Their suggestions include charging a bed tax, which I’d have thought would be just the thing to make me go and stay there. 

In fact, the last time I stayed in downtown Auckland to go to a show, the stupid buggers that run the place were building a car park for Japanese imports between the hotel and my view of the harbour. 

Another tax, just the thing. It’s already too crowded, too hard to find a secure place to park, rather vital I’d have thought when I’ve no option but to drive there. 

Too much of the beautiful harbour is already blocked off from visitors by the port activities that should have been shifted out of town a generation ago. 
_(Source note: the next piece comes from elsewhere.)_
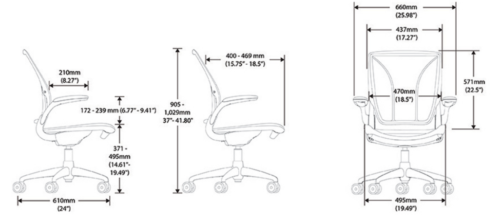 World Chair Humanscale Medidas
Man sitting on bench looking over Auckland. Photo: Gantas Vaičiulėnas, pexels.com

Too much of the downtown area, always a fascination to this country boy, is blocked off by endless earthworks, that have been on going half of my long life. 

I heard from a top chef last week that Auckland has 24,000 restaurant seats available for diners, but that only 3500 were being used on any one night. 
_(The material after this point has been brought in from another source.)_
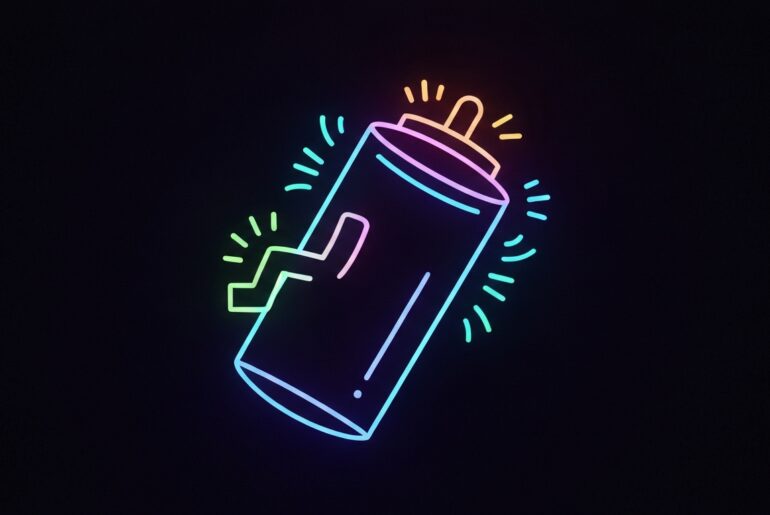 A glowing, neon outline of a skin care supplement capsule against a dark background, conceptually representing the industry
So I think another tax is not the answer, and if it is, what’s the question? 

Really, making the place affordable, easier to visit and attractive to visitors, would go a long way further than charging more for the dubious decision to go there in the first place. 
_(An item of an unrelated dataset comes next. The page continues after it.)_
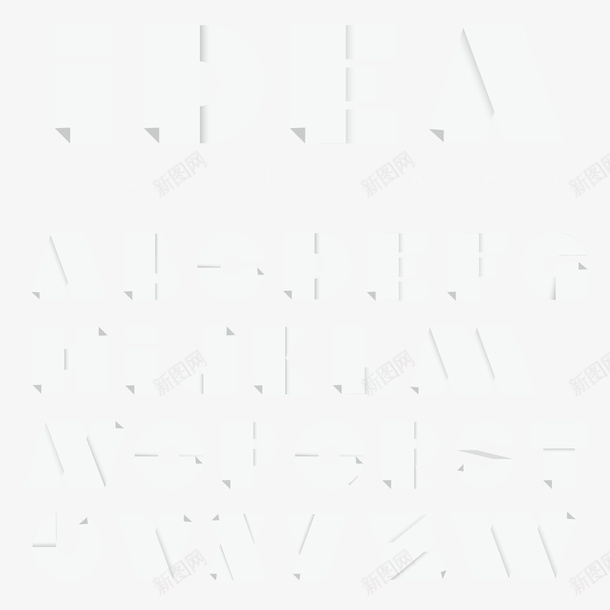 创意白色叠纸字母矢量图ai免抠素材_新图网 https://ixintu.com 创意白色叠纸 叠纸效果 字母设计 英文字母设计 矢量图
I remember years ago reading in our country’s biggest newspaper, now a mere shadow of its former self, about the best ways for people to save money, and these ways sound just as sensible today. 

Top of the list was to not eat out. To stay home for dinner more often. 

So how does charging the very people you want to attract help the cause of the struggling cafe or restaurant owners? Beats me. 

I’m not a negative person, though when I visit Auckland, my enduring impression is just how dreadfully lucky I am to live where I do. Those who choose to live in Auckland are part of the problem too. 

Too often, civic leaders see raising charges as the way forward when the real answer is to fix the product you are trying to sell. 

As a small footnote to rural people who made the decision to base the mighty Fonterra in Auckland. What could possibly have been wrong to have New Zealand’s biggest company based in the rural heartland, from where it came? Matamata or Morrinsville, Stratford or Hāwera, you choose – but Auckland? 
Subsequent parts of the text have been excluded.